PROVIDED INFORMATION -

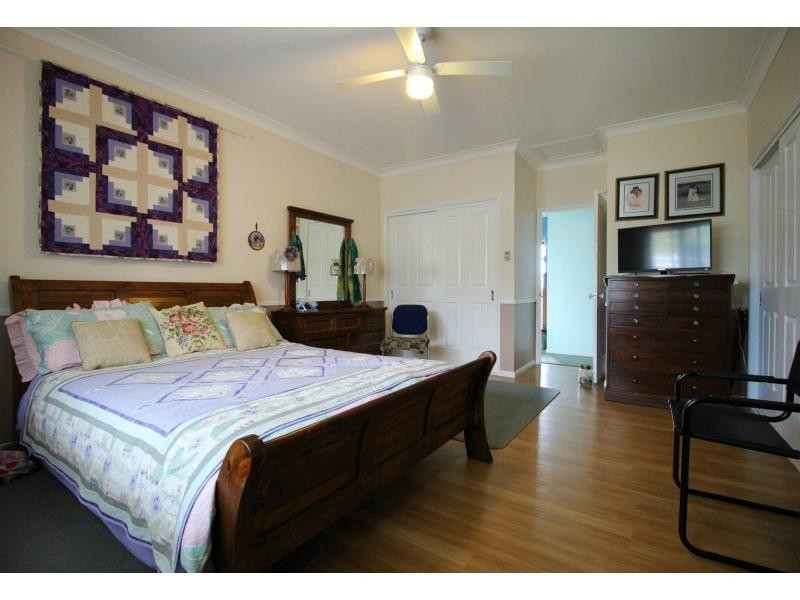 15 PELICAN Drive, LAKES ESTATE, Laidley Heights QLD 4341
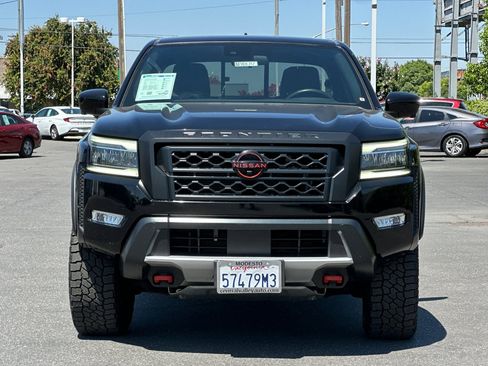 Certified 2022 Nissan Frontier PRO-4X image 9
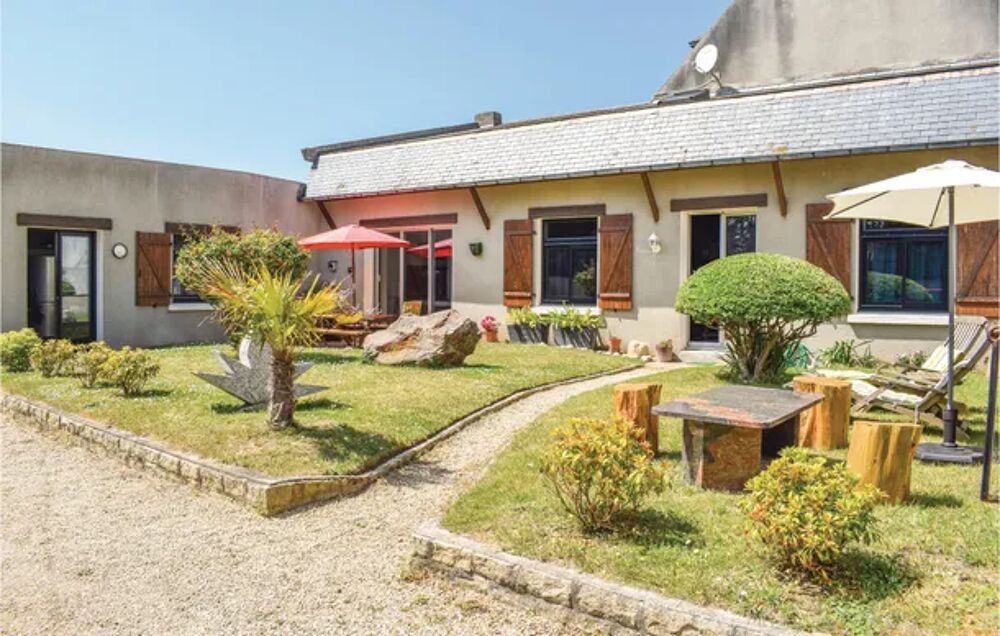   Nice home in Santec with 3 Bedrooms and WiFi Plage < 50 m - Alimentation < 5 m - Tlvision - Vue mer - place de parking en ext Bretagne, Santec (29250)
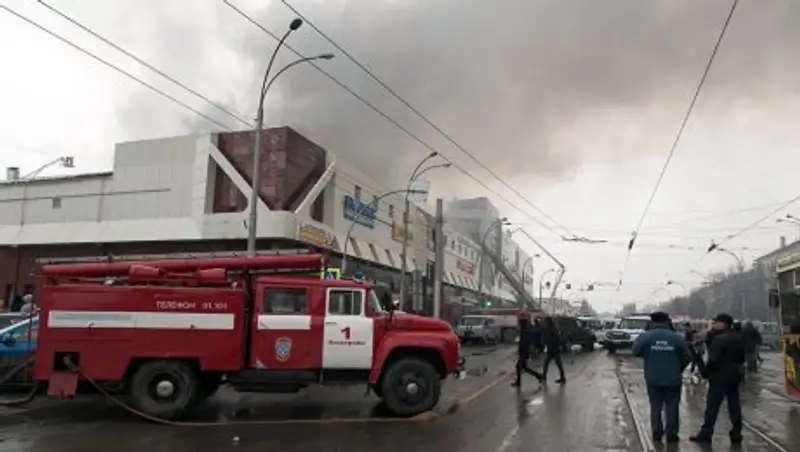 Появилось видео прыгающих людей из окна горящего ТЦ в Кемерово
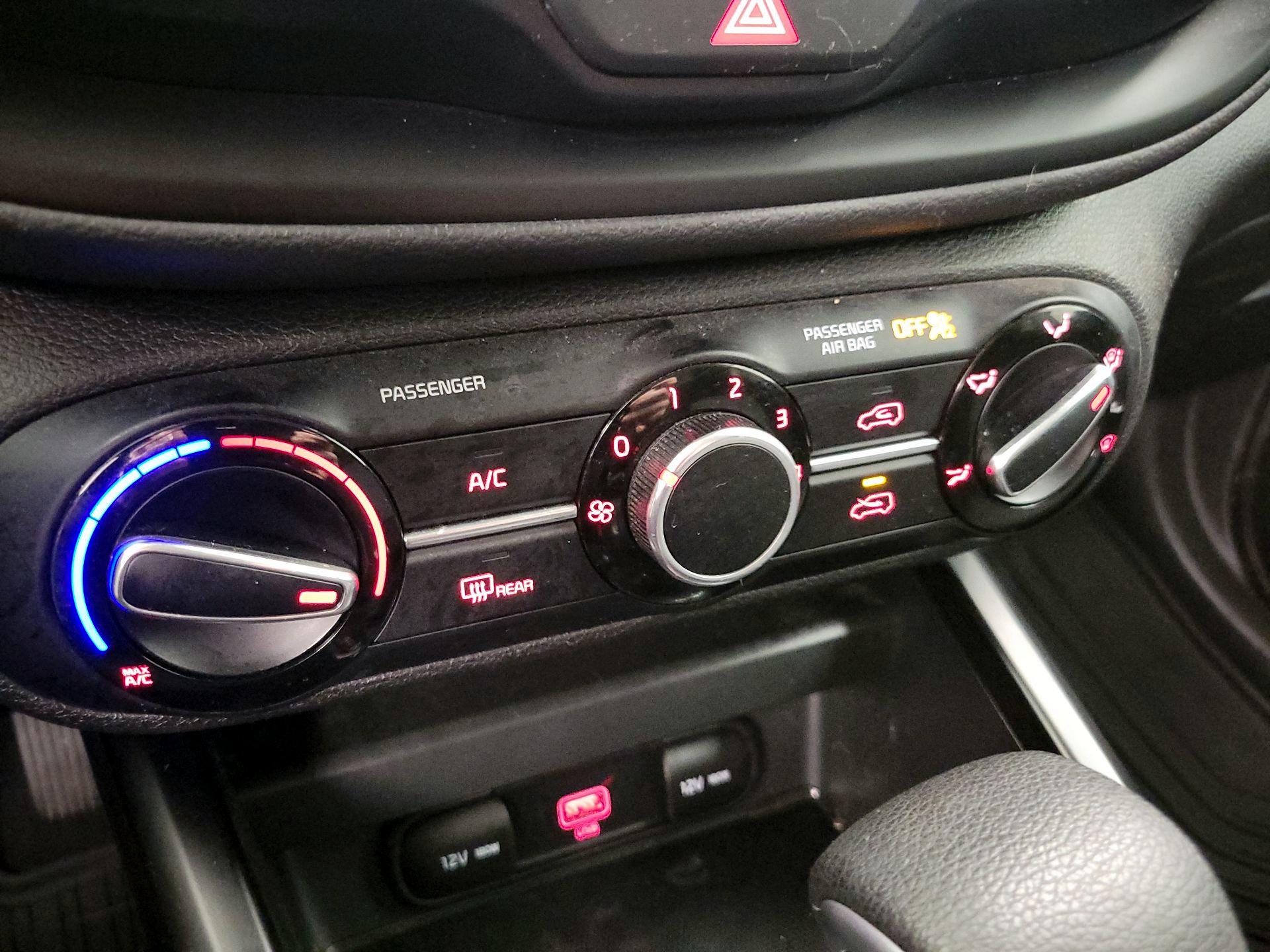 Thumbnail: 2021 Kia Soul - 16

TASK ITEM -
Quote exactly the lines from the one that contains "Certified 2022 Nissan" through the end of the listing above, both ends included, leaving out the pictures.

RESPONSE BELOW -
 Certified 2022 Nissan Frontier PRO-4X image 9
   Nice home in Santec with 3 Bedrooms and WiFi Plage < 50 m - Alimentation < 5 m - Tlvision - Vue mer - place de parking en ext Bretagne, Santec (29250)
 Появилось видео прыгающих людей из окна горящего ТЦ в Кемерово
 Thumbnail: 2021 Kia Soul - 16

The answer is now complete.